Parents who allow their teenagers to drink alcohol while supervised may be creating more drinking-related consequences for their teens down the track.
This was the finding from a recent study of Australian and American teenagers, surveyed over three years from Year 7 to Year 9. The study also challenged the theory that teens will learn to be responsible drinkers if they drink under adult supervision.
“Kids need parents to be parents and not drinking buddies,” said the study’s lead researcher, Dr Barbara J McMorris.
The study’s report, published in the Journal of Studies on Alcohol and Drugs (JSAD), outlines two common parenting approaches towards teen drinking:
- Parents who allow their teenagers to consume alcohol in small amounts on occasion if an adult is present. Parents who take this approach may believe their child will learn to drink responsibly if introduced to alcohol slowly in a controlled environment.
- ‘Zero tolerance’, meaning that teen drinking is not allowed under any circumstances.
The report suggests the first approach is more common in Australia, with the stricter approach being more common in the US.
By Year 8, about 67% of youths surveyed from Victoria in Australia had consumed alcohol with an adult present, compared with just 35% of in the teens surveyed in Washington State, US.
Regardless of country, the teenagers who were allowed to drink with an adult present had increased levels of alcohol use and were more likely to have experienced harmful consequences – such as not being able to stop drinking, getting into fights, or having blackouts – by Year 9.
The researchers suggest that allowing teens to drink while adults were present may act to encourage underage drinking, and that parents should adopt a ‘no-use’ policy for young adolescents.
“Kids need black and white messages early on,” said Dr McMorris. “Such messages will help reinforce limits as teens get older and opportunities to drink increase.”
In a related study in the same issue of JSAD, researchers from The Netherlands found that the amount of alcohol parents themselves drank was not a factor in teen drinking.
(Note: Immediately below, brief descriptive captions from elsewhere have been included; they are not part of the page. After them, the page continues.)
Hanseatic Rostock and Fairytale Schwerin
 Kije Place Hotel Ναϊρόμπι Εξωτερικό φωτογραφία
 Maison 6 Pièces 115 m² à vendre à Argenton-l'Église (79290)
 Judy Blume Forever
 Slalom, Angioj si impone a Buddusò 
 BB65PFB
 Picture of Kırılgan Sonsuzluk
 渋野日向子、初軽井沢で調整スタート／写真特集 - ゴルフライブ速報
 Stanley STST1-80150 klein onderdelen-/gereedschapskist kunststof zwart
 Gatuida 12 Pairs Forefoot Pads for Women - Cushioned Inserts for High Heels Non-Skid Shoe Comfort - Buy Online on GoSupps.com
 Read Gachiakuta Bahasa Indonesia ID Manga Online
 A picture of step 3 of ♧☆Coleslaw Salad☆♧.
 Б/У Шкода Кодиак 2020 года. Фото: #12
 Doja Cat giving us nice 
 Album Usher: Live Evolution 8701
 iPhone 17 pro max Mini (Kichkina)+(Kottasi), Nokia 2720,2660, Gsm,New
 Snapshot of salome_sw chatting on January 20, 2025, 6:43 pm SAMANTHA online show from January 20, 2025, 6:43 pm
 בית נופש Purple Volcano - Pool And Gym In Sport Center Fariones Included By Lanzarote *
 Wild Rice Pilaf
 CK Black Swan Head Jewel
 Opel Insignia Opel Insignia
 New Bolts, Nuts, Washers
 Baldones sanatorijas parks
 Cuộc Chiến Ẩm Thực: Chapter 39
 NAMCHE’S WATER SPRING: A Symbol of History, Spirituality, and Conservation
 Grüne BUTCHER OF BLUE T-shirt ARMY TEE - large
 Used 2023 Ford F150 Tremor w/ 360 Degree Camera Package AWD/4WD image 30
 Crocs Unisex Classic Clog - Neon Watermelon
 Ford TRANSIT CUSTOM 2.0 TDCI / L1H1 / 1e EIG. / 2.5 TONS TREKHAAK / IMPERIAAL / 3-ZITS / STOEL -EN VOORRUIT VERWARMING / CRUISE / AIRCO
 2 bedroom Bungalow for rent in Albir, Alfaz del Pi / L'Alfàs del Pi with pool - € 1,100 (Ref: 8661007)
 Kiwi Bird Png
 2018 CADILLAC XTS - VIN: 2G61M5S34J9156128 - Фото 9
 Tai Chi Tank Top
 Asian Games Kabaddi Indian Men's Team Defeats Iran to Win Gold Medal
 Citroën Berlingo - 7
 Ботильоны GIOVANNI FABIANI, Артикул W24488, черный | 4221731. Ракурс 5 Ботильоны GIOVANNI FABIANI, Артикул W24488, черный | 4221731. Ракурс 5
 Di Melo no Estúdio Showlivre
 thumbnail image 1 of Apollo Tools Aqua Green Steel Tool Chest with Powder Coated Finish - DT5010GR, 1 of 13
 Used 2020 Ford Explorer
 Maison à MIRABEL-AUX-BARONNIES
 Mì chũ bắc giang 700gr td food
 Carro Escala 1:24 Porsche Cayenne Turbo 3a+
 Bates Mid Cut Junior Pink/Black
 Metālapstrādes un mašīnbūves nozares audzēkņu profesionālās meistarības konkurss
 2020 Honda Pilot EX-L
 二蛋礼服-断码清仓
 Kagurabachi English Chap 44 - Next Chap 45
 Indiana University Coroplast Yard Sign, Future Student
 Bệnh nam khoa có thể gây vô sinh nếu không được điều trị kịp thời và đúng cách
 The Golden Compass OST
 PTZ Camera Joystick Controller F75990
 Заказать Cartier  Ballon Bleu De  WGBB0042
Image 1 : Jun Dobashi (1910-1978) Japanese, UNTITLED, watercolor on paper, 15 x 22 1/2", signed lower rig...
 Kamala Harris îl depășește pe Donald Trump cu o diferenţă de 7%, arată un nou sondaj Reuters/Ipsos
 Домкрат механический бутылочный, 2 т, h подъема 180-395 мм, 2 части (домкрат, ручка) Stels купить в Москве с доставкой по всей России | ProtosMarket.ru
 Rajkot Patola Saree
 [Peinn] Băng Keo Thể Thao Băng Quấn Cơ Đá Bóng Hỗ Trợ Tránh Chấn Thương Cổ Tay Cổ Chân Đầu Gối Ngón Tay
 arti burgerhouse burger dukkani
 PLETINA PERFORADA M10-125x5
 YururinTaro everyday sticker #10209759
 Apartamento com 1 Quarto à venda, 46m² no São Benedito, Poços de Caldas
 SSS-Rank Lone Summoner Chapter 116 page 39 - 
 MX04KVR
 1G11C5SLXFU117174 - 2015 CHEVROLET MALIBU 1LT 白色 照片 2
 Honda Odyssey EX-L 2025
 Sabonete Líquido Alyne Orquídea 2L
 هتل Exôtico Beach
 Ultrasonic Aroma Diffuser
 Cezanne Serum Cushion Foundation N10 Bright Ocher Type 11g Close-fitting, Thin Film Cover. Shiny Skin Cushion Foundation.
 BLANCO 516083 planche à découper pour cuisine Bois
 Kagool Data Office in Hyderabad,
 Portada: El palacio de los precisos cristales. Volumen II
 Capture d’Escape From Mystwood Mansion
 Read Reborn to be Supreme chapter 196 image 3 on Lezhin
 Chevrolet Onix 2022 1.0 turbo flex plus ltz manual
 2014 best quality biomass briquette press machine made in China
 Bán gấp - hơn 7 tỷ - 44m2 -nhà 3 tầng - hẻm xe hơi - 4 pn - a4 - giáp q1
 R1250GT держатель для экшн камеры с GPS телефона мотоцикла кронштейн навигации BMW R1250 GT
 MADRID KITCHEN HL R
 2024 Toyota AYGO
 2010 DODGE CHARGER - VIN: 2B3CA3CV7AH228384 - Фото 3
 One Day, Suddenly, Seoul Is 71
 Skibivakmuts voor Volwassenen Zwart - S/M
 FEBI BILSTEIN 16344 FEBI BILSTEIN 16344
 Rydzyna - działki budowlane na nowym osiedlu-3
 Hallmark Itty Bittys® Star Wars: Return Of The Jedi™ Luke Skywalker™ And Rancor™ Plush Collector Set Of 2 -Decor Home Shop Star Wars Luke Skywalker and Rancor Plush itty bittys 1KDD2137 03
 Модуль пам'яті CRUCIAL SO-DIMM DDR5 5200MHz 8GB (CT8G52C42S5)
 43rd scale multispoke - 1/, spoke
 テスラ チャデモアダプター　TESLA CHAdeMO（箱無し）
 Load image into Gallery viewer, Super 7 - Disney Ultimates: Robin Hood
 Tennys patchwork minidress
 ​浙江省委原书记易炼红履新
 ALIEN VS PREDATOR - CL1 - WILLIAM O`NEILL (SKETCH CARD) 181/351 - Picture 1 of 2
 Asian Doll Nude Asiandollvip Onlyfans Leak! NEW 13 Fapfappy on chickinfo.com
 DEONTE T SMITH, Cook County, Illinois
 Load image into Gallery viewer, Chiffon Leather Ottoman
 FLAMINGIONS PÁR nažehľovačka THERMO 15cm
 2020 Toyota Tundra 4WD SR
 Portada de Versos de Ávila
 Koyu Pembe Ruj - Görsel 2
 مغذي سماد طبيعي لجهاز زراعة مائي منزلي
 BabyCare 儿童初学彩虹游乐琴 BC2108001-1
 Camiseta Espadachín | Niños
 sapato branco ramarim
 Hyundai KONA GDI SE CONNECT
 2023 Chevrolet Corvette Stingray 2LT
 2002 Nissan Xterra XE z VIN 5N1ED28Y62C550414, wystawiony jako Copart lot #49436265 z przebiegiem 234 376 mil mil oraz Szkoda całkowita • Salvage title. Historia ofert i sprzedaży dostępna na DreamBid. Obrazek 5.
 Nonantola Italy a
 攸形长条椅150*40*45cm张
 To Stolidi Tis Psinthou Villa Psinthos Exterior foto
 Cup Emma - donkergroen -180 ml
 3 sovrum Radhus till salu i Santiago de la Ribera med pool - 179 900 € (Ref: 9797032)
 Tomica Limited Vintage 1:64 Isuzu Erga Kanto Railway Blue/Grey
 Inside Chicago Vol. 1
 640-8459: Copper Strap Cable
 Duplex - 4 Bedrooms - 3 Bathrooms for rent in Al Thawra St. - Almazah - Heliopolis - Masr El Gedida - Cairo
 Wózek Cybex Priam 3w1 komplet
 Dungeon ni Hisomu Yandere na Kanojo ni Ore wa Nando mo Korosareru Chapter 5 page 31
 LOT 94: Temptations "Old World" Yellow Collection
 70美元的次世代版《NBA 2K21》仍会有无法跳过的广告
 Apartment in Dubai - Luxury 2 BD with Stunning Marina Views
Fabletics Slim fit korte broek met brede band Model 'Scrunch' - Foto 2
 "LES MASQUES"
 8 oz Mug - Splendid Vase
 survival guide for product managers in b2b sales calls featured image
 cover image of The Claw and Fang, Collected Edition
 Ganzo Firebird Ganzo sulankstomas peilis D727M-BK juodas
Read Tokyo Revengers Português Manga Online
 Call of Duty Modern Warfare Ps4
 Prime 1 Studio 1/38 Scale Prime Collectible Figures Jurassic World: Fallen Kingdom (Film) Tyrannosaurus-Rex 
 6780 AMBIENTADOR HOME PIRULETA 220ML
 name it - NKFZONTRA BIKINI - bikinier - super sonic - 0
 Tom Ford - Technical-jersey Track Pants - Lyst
Their study of 12 to 15 year olds found that the only parenting factor related to teen drinking was the amount of alcohol available in the home, suggesting that parents should make sure alcohol was inaccessible to teens.
“Both studies show that parents matter,” Dr McMorris concludes. “Despite the fact that peers and friends become important influences as adolescents get older, parents still have a big impact.”